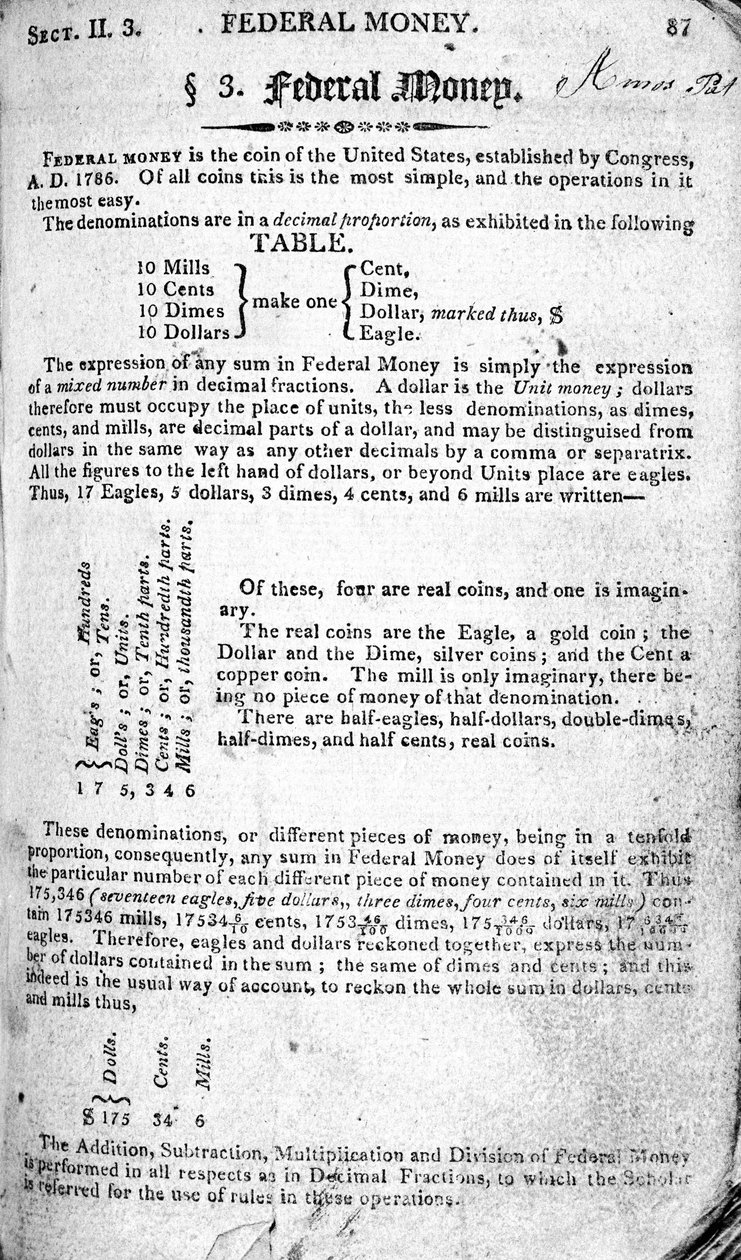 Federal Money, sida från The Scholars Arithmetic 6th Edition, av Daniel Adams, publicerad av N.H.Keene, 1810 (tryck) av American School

==============================

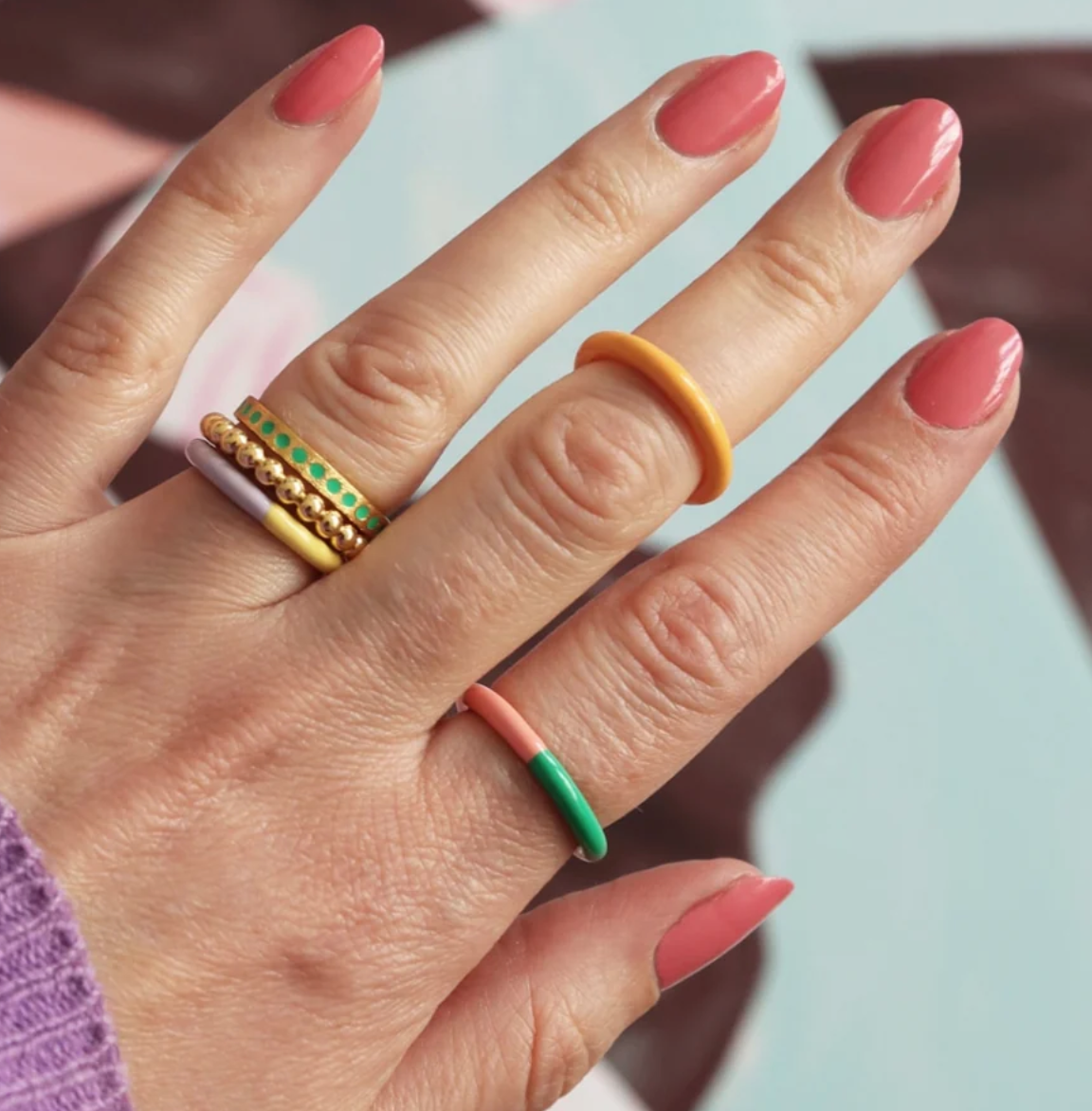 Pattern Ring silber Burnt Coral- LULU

==============================

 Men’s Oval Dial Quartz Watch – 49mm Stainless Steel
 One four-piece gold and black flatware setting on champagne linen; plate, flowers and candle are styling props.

==============================

Restate word for word the lines of the data above, starting at the line containing "Men’s Oval Dial" and ending at the line containing "One four-piece gold", both included, and nothing more.

▶ **Completed task**
 Men’s Oval Dial Quartz Watch – 49mm Stainless Steel
 One four-piece gold and black flatware setting on champagne linen; plate, flowers and candle are styling props.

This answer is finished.